*** Opening SUPPLIED ENTRIES ***
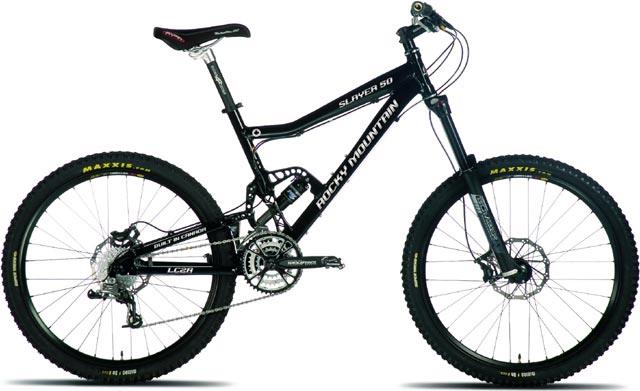2007 Rocky Mountain Slayer 50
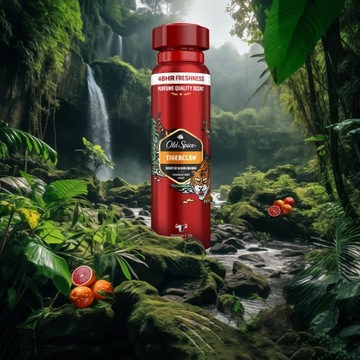 Dezodorant w sprayu Old Spice Tigerclaw dla mężczyzn 150 ml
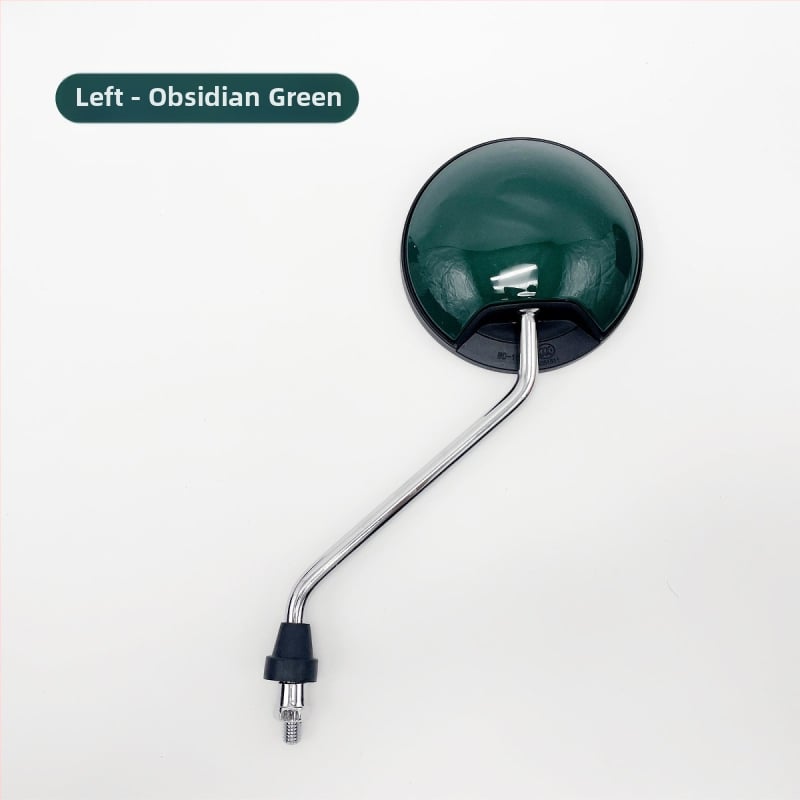 Visszapillantó tükör elektromos kerékpárhoz, konvex széles látószögű, univerzális kerek tükör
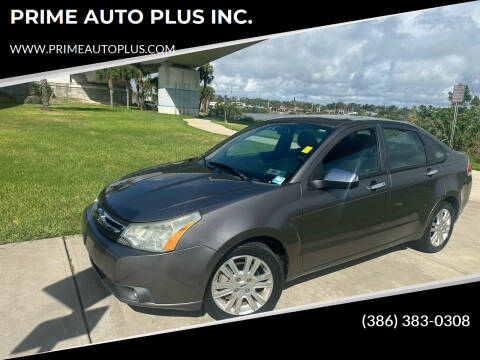 2011 Ford Focus for sale at PRIME AUTO PLUS INC. in Daytona Beach FL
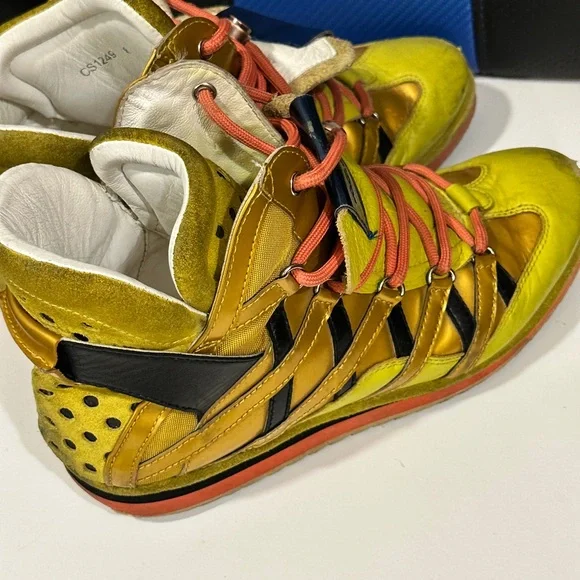 Dolce & Gabbana Yellow and Black Leather Bag - Picture 8 of 16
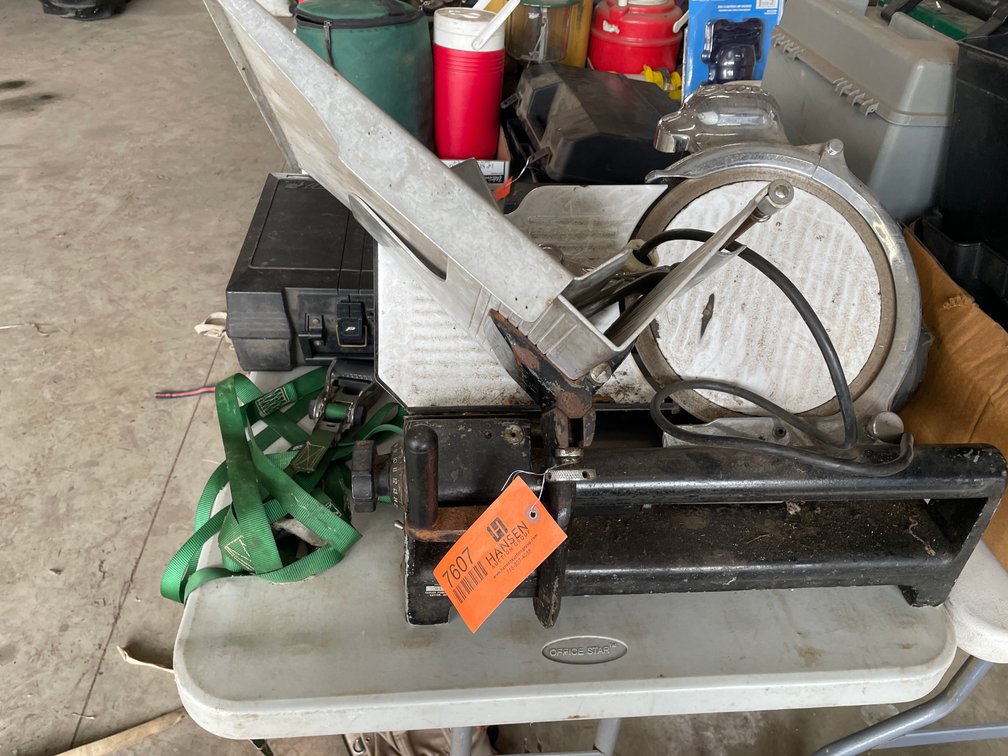 Globe Meat Slicer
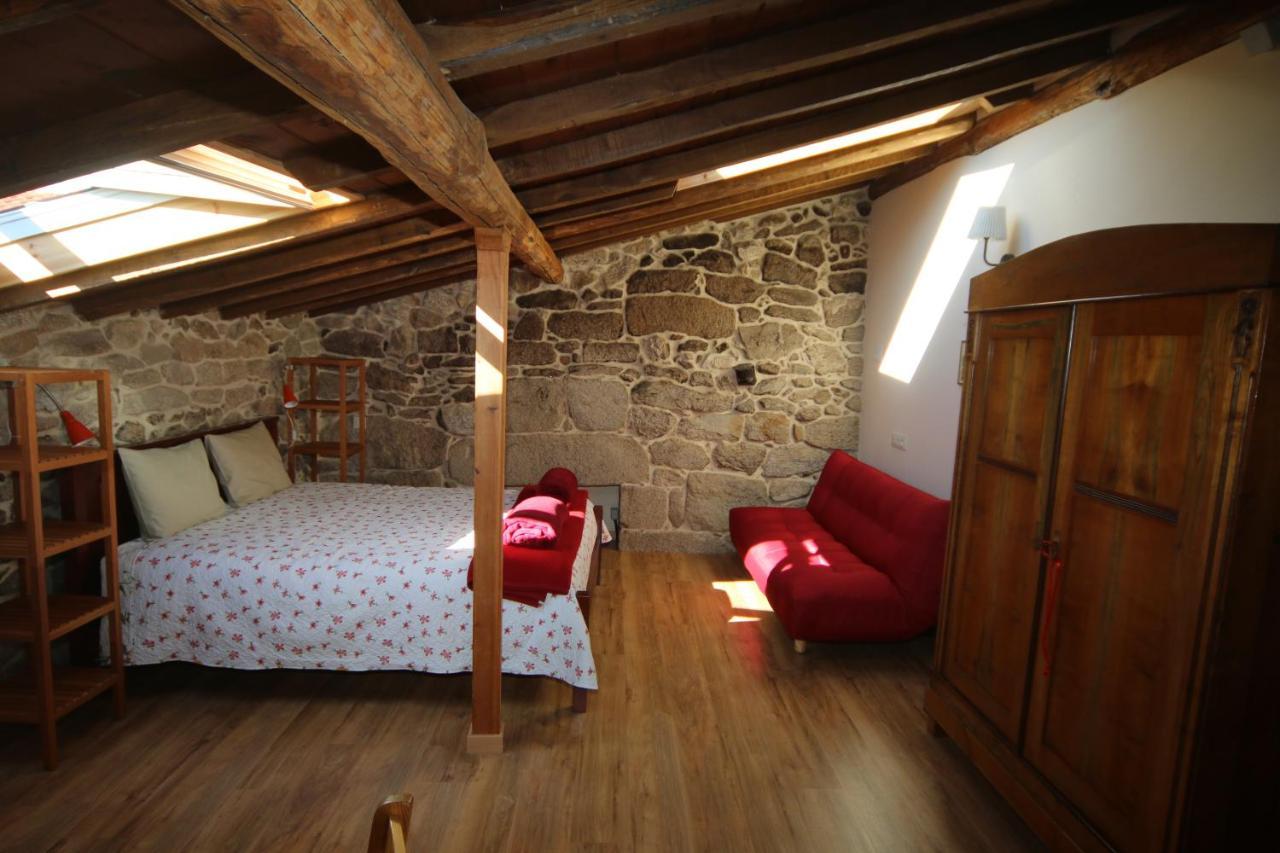 Pazo De Chaioso Ribeira Sacra Maceda Exteriör bild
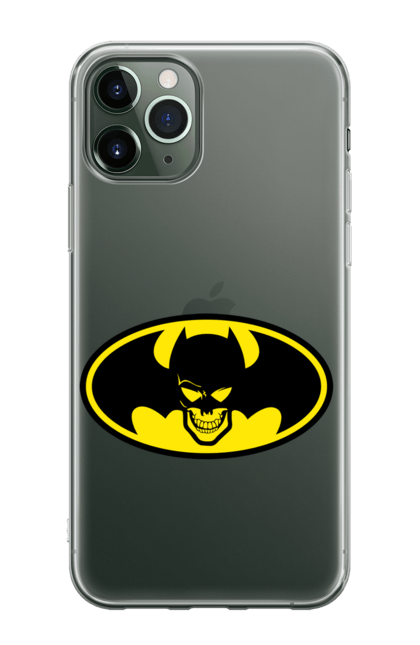 Чохол для телефону з принтом "Бетмен". Batman, dc comics, joker, бетмен, вороги, джокер, комікс, персонаж, фільм. CustomPrint.market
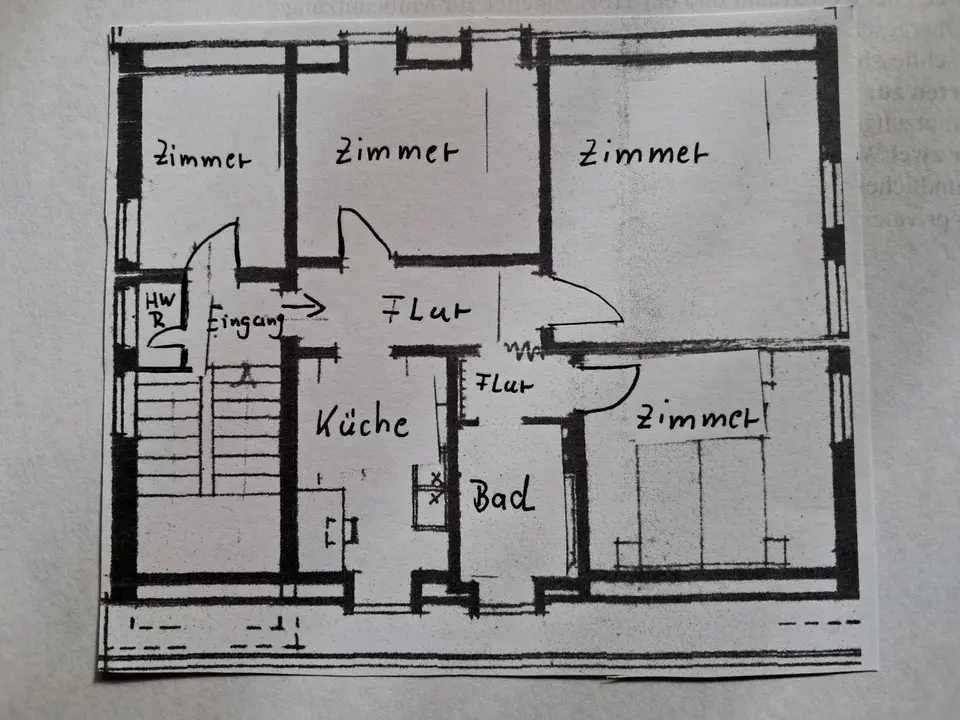 4 Zimmer Wohnung mit 72 m² in Marl – Bild 9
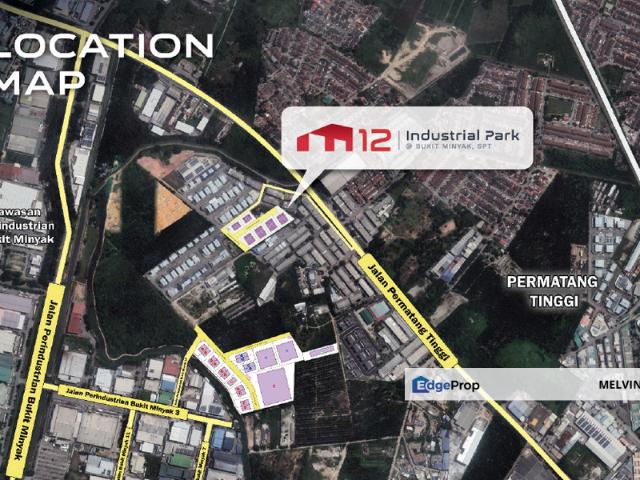 Warehouse for sale in Wellesley, Penang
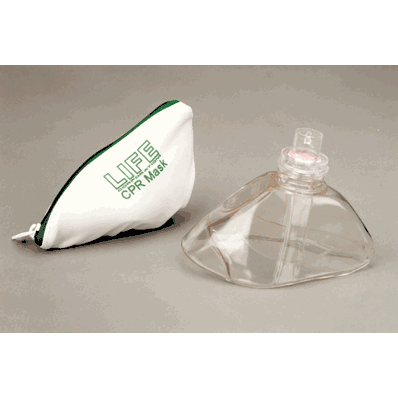 LIFE CPR Mask - Model #LIFE-100-B, Mask & o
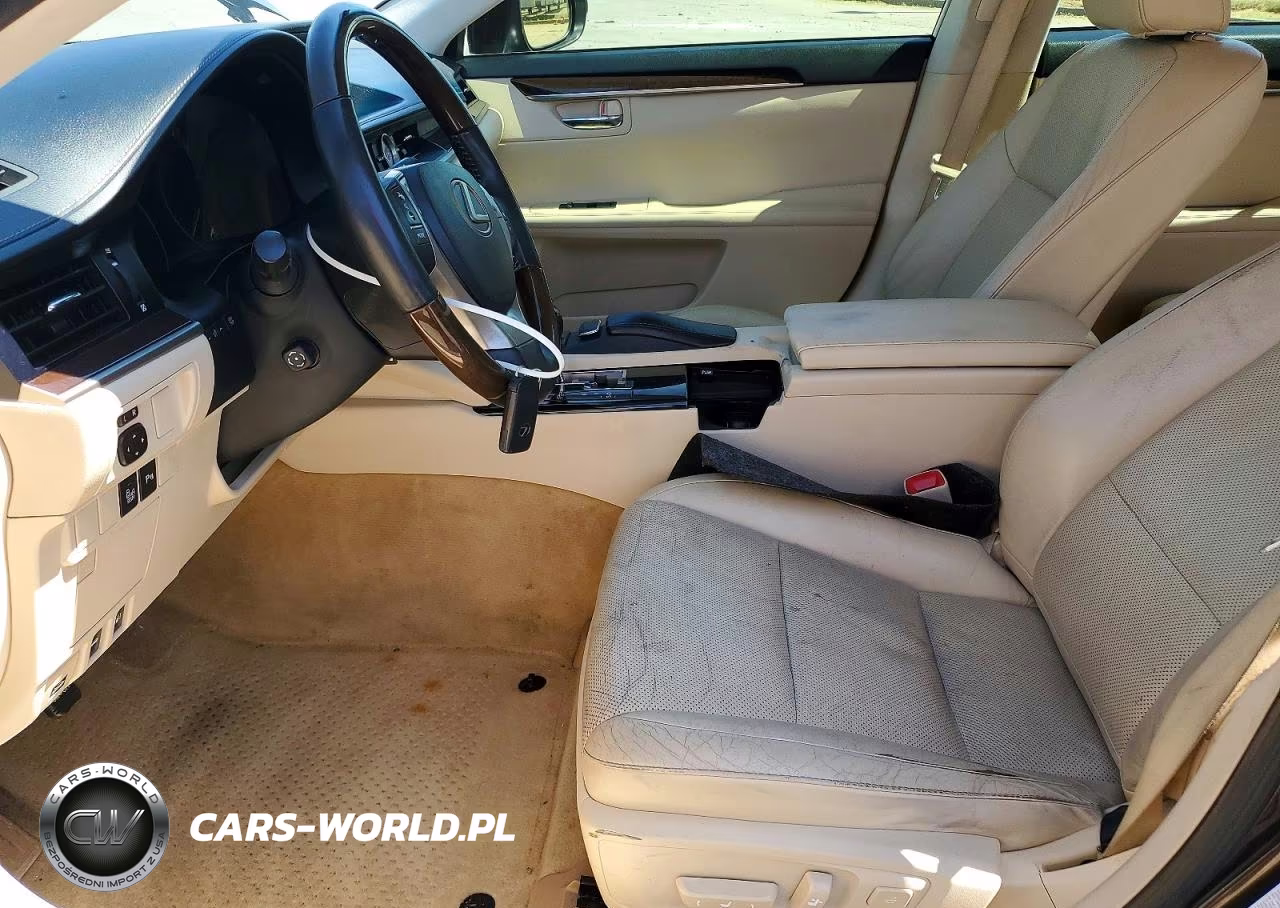 2013 Lexus Es 350 VIN:JTHBK1GG8D2052559 - 7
*** Closing SUPPLIED ENTRIES ***
EXERCISE BRIEF
Would you write out an exact copy of the entries above, with no images?

REPLY TO THE TASK
2007 Rocky Mountain Slayer 50
 Dezodorant w sprayu Old Spice Tigerclaw dla mężczyzn 150 ml
 Visszapillantó tükör elektromos kerékpárhoz, konvex széles látószögű, univerzális kerek tükör
 2011 Ford Focus for sale at PRIME AUTO PLUS INC. in Daytona Beach FL
 Dolce & Gabbana Yellow and Black Leather Bag - Picture 8 of 16
 Globe Meat Slicer
 Pazo De Chaioso Ribeira Sacra Maceda Exteriör bild
 Чохол для телефону з принтом "Бетмен". Batman, dc comics, joker, бетмен, вороги, джокер, комікс, персонаж, фільм. CustomPrint.market
 4 Zimmer Wohnung mit 72 m² in Marl – Bild 9
 Warehouse for sale in Wellesley, Penang
 LIFE CPR Mask - Model #LIFE-100-B, Mask & o
 2013 Lexus Es 350 VIN:JTHBK1GG8D2052559 - 7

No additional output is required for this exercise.